Exercise requirements → Return every line of the data below exactly, but do not include the images.
::::::
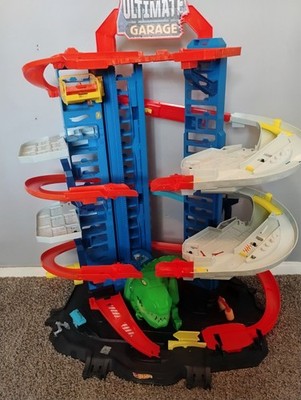 Ultimate Hot Wheels Garage w/ T-Rex Dinosaur, Stores 100+ Cars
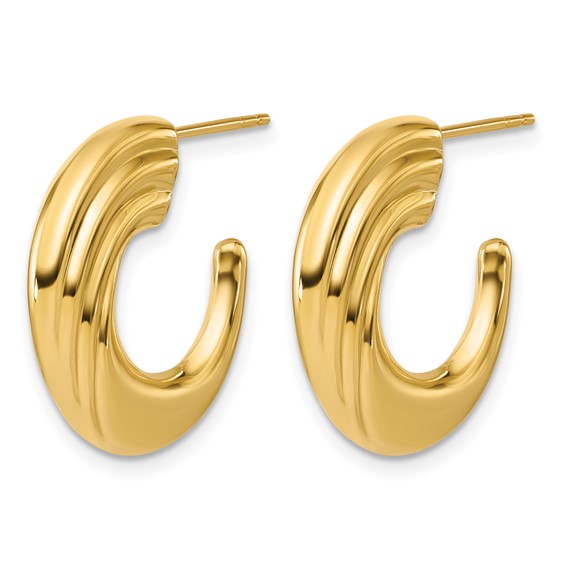 Leslie's 14K Polished and Grooved J-Hoop Post Earrings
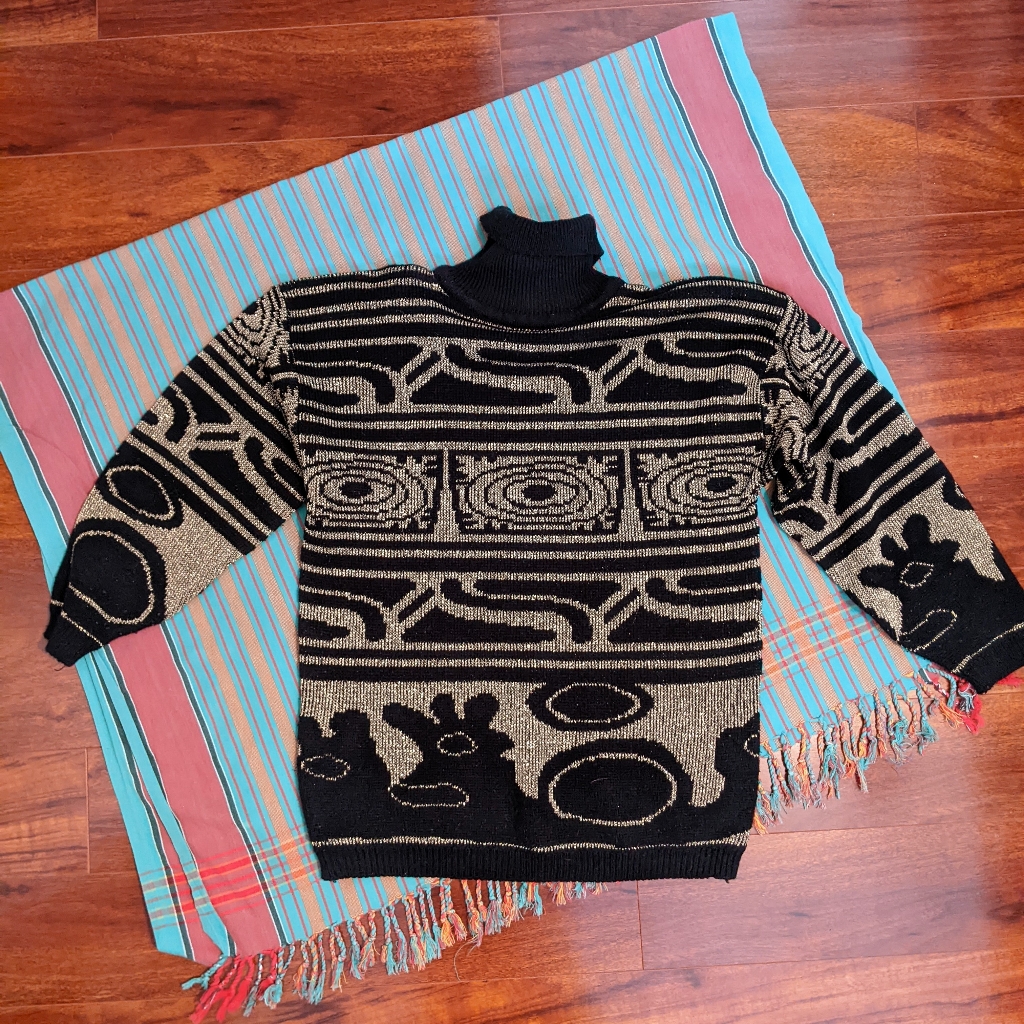 3/$12vintage Black & Gold Sweater - Size S/M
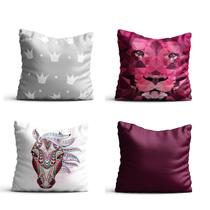 4 Capas de almofada 42x42 leão e cavalo uva Atelier Valverde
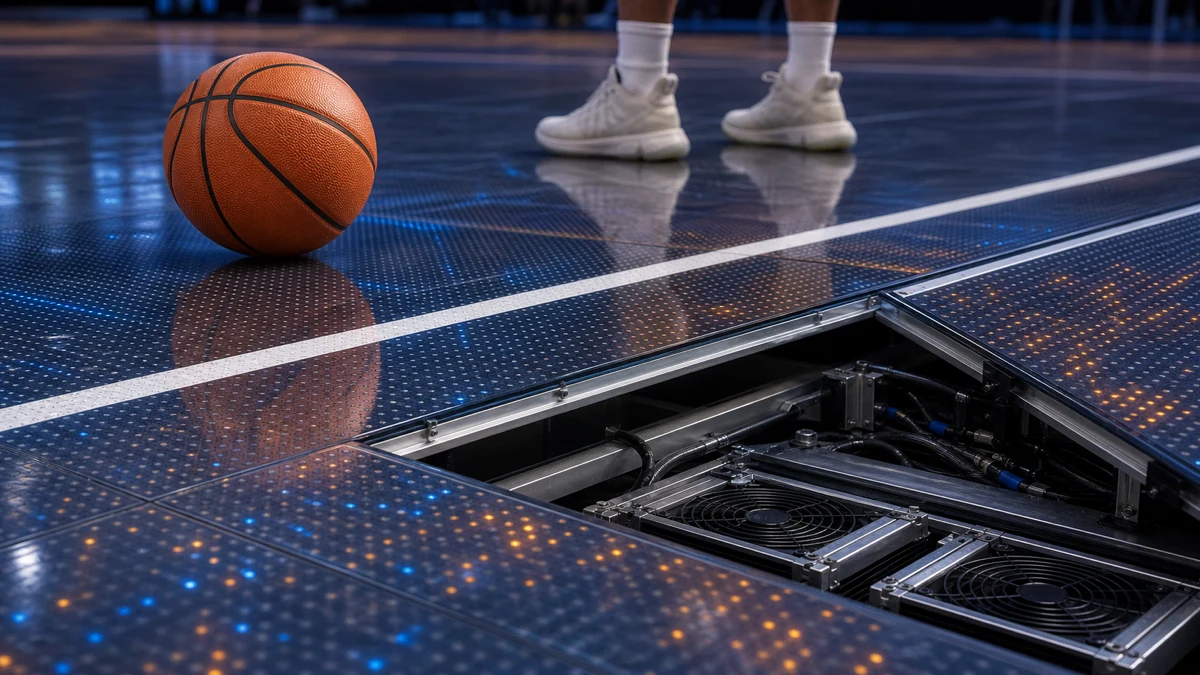 Un pallone da basket poggia su un campo LED con un pannello aperto che rivela l'hardware elettronico sottostante e le ventole di raffreddamento.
::::::
Written answer →
 Ultimate Hot Wheels Garage w/ T-Rex Dinosaur, Stores 100+ Cars
 Leslie's 14K Polished and Grooved J-Hoop Post Earrings
 3/$12vintage Black & Gold Sweater - Size S/M
 4 Capas de almofada 42x42 leão e cavalo uva Atelier Valverde
 Un pallone da basket poggia su un campo LED con un pannello aperto che rivela l'hardware elettronico sottostante e le ventole di raffreddamento.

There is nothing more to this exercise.